Фельдшер приехал, но ни порошков, ни таблеток больной не прописал. Он пробыл недолго, положил в карман свои роговые очки и собрался в обратную дорогу.

— Здесь мне делать нечего, — процедил он и зашелся в надсадном кашле. — В таком состоянии помочь больной уже нельзя. Она еще может промучиться день или два, но уже сейчас ничего не чувствует. Она и жива и мертва — это инсульт, кровоизлияние…

После отъезда лекаря дед Мацей несколько часов был сам не свой. Он как бы застыл, не знал, за что взяться. Потом вдруг, будто его прорвало, заговорил:

— И чего тут гундосил этот надутый индюк. Вовсе с ума спятил! Для него она уже при жизни мертвая. Скажи на милость, будто он ее знает лучше меня. Только я один да еще матко боска знаем все ее повадки. Ядвига не оставит меня одного. Без нее — кто я и что? Ни на что не годный, больной и разбитый старик…

Назавтра, еще до того, как наступил бледно-серый рассвет, баба Ядвига, не приходя в себя, скончалась.

Похоронили ее рядом с Юзефом. Это как бы напоминало: их обоих в гроб вогнал один и тот же злодей.

В ОПАСНЫЙ ПУТЬ

Берек и Рина понимали, что им следовало покинуть дом сразу же после ухода солтыса с полицаями. Но нельзя было оставить деда Мацея с двумя больными на руках. Подумали было, не выдать ли Рину за ту самую «служанку», которую пан Нарушевич советовал подыскать на стороне. Польский язык она знает хорошо, волосы ничего не стоит перекрасить, чтобы они стали льняными, подложный документ для нее мог бы достать родственник деда Мацея, живущий в городе. Смущало одно: как бы незатейливо Рина ни одевалась, как бы она ни старалась не бросаться людям в глаза, трудно было не заметить ее молодость и красоту. Дед Мацей колебался.

Опасался он не только за себя. После того как похоронили Ядвигу, он меньше всего думал о себе. Он боялся, как бы не случилось ничего худого с Тадеком и Риной. Страшно было даже подумать, что произойдет, если солтыс дознается, кто такая Рина на самом деле. В том, что Берек должен как можно скорее уйти из этого дома и искать для себя другое пристанище, сомнения не было.

Наконец дед Мацей решился оставить Рину у себя. Он только добавил:

— Буду просить матку боску, чтобы она заступилась за девушку, а вы просите об этом и своего иудейского бога, потому что против такого супостата, как Гитлер, все боги должны быть заодно.

Когда до ухода Берека оставался один день, Рина передумала. В одно мгновение все перевернулось. Как Берек ни умолял ее не упрямиться, она твердила одно:

— Только вдвоем! Что бы ни случилось — с тобой вместе!

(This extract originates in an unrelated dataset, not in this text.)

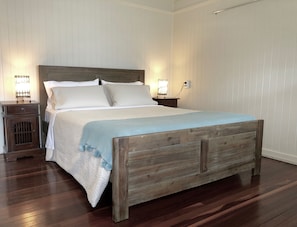 Top Deck 3 Bedroom Apartment (#6)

Что мог Берек поделать? А тут еще дед Мацей, ездивший в город к своему родственнику, привез ворох новостей.

— Ума не приложу. Во всех окрестных местечках ни одного еврея не осталось, а в Хелме, Владаве и даже в Люблине, говорят, их сейчас еще больше, чем было. Сказывают, что они где-то там вместе с военнопленными строят для немцев секретный завод, который будет выпускать какое-то страшное оружие. Вроде бы один подгулявший немец хвастал: как только это оружие будет готово, Гитлер за считанные дни покончит с русскими. Рабочих на строительство требуется уйма. Вот и гонят туда евреев не только из Польши, но и из Германии, Австрии, Голландии, Бельгии, Франции, Чехословакии. Инженеров, врачей, бухгалтеров, ювелиров, кузнецов, даже музыкантов. Неважно, у кого какая профессия.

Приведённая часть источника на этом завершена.